For reasons of economy (and also not to bore you to tears) I’ll just list the top 10, that is, the 10 topics that have a higher “weight” in characterizing the French lyrics subset (the remaining 10 have very small weights). Each is represented by 9 terms:

  1. life, time, death, eyes, pain, soul, feel, mind, world
  2. night, dark, light, cold, black, darkness, moon, sky, eternal
  3. world, life, human, death, earth, humanity, end, hatred, chaos
  4. blood, body, black, tears, flesh, heart, eyes, love, wind
  5. satan, blood, black, god, hell, evil, lord, christ, master
  6. war, blood, death, fight, fire, black, kill, rise, hell
  7. land, gods, blood, people, proud, men, great, king, ancestors
  8. god, time, void, light, death, reality, stars, matter, infinite
  9. god, lord, fire, divine, holy, light, flesh, man, great
  10. fucking, shit, fuck, make, time, trust, love, suck, dirty

The first one seems to be all over the place: life, time and death can be applied to a ton of subjects, and indeed they seem to characterize to some extent about half of the data set.

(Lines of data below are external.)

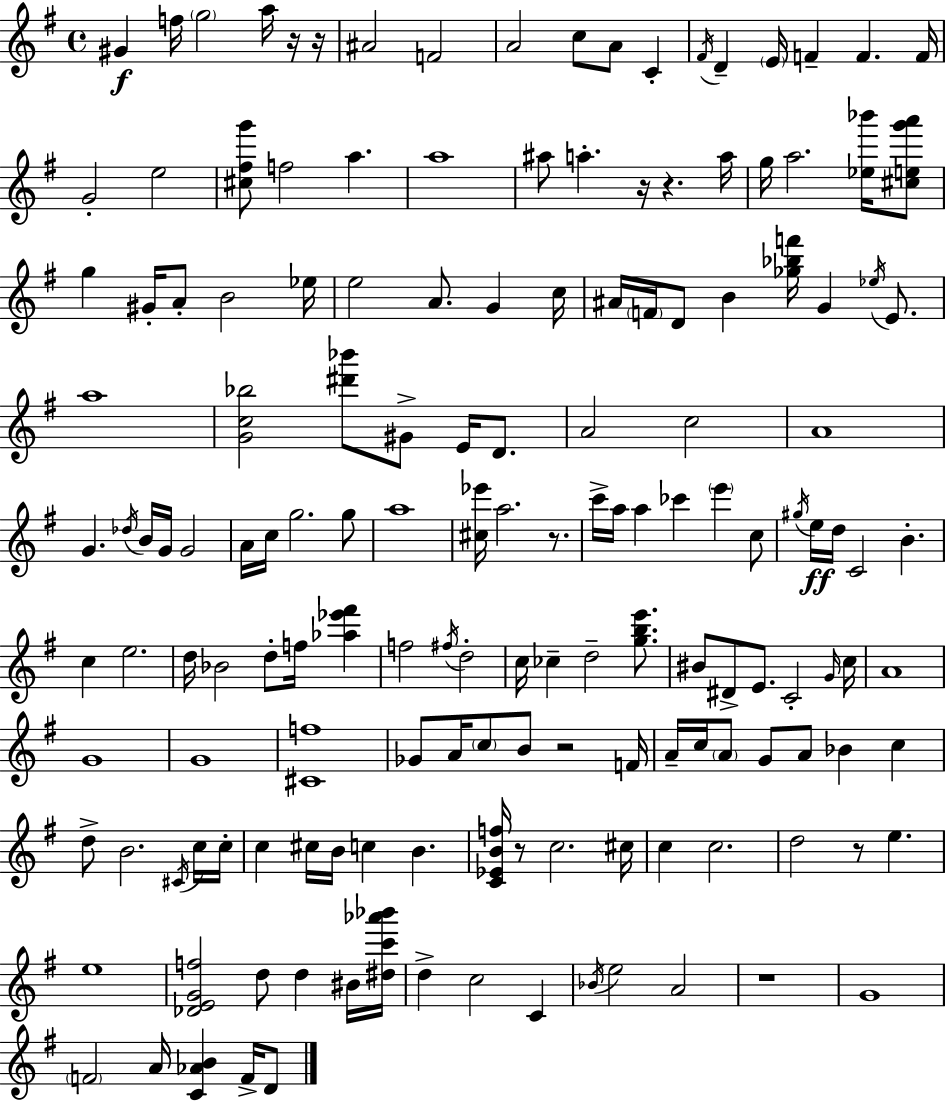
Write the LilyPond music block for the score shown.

{
  \clef treble
  \time 4/4
  \defaultTimeSignature
  \key e \minor
  gis'4\f f''16 \parenthesize g''2 a''16 r16 r16 | ais'2 f'2 | a'2 c''8 a'8 c'4-. | \acciaccatura { fis'16 } d'4-- \parenthesize e'16 f'4-- f'4. | \break f'16 g'2-. e''2 | <cis'' fis'' g'''>8 f''2 a''4. | a''1 | ais''8 a''4.-. r16 r4. | \break a''16 g''16 a''2. <ees'' bes'''>16 <cis'' e'' g''' a'''>8 | g''4 gis'16-. a'8-. b'2 | ees''16 e''2 a'8. g'4 | c''16 ais'16 \parenthesize f'16 d'8 b'4 <ges'' bes'' f'''>16 g'4 \acciaccatura { ees''16 } e'8. | \break a''1 | <g' c'' bes''>2 <dis''' bes'''>8 gis'8-> e'16 d'8. | a'2 c''2 | a'1 | \break g'4. \acciaccatura { des''16 } b'16 g'16 g'2 | a'16 c''16 g''2. | g''8 a''1 | <cis'' ees'''>16 a''2. | \break r8. c'''16-> a''16 a''4 ces'''4 \parenthesize e'''4 | c''8 \acciaccatura { gis''16 } e''16\ff d''16 c'2 b'4.-. | c''4 e''2. | d''16 bes'2 d''8-. f''16 | \break <aes'' ees''' fis'''>4 f''2 \acciaccatura { fis''16 } d''2-. | c''16 ces''4-- d''2-- | <g'' b'' e'''>8. bis'8 dis'8-> e'8. c'2-. | \grace { g'16 } c''16 a'1 | \break g'1 | g'1 | <cis' f''>1 | ges'8 a'16 \parenthesize c''8 b'8 r2 | \break f'16 a'16-- c''16 \parenthesize a'8 g'8 a'8 bes'4 | c''4 d''8-> b'2. | \acciaccatura { cis'16 } c''16 c''16-. c''4 cis''16 b'16 c''4 | b'4. <c' ees' b' f''>16 r8 c''2. | \break cis''16 c''4 c''2. | d''2 r8 | e''4. e''1 | <des' e' g' f''>2 d''8 | \break d''4 bis'16 <dis'' c''' aes''' bes'''>16 d''4-> c''2 | c'4 \acciaccatura { bes'16 } e''2 | a'2 r1 | g'1 | \break \parenthesize f'2 | a'16 <c' aes' b'>4 f'16-> d'8 \bar "|."
}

Also, some terms appear quite often in different contexts (blood, black, death and even god). But there are a couple of interesting ones, such as topics 2, 7 and 10. And because looking at lists of words is tedious, here’s a word cloud that represents them using a horrid sexy color palette. Each topic has a different color, and the larger the font, the more preponderant it is in the subset.

One practical application of a topic model is using it to describe a text. Let’s take, for example, the lyrics for Blut Aus Nord’s “Fathers of the Icy Age” and “ask” our topic model what’s the composition of this particular piece of text. The outcome is:

  • Topic 7 (54.25%): land, gods, blood, people, proud, men, great, king, ancestors
  • Topic 2 (42.34%):  night, dark, light, cold, black, darkness, moon, sky, eternal
  • Other topics – less than 3.41%

We can interpret this song as a mixture of two topics, and in my opinion, the first one (let’s call it “ancient pagan stuff of yore”) seems to be pretty accurate. What about more personal lyrics such as T.A.o.S. “For Psychiatry”? Here’s what we get:

  • Topic 10 (40.95%): fucking, shit, fuck, make, time, trust, love, suck, dirty
  • Topic 1 (26.13%): life, time, death, eyes, pain, soul, feel, mind, world
  • Topic 3 (12.05%): world, life, human, death, earth, humanity, end, hatred, chaos

It’s a bit too generic for my liking, but we’re not that far off the mark. All in all, topic modeling appears to be quite useful for the discovery of concepts in our data set. There are, however, a few drawbacks to this approach. One of them is that the number of topics has to be set manually – in an ideal case the algorithm should figure out by itself the appropriate number. The other is the simplicity of the features, future experiments should focus on improving the lyrics representation with richer features. At any rate, these are promising results that can be further improved.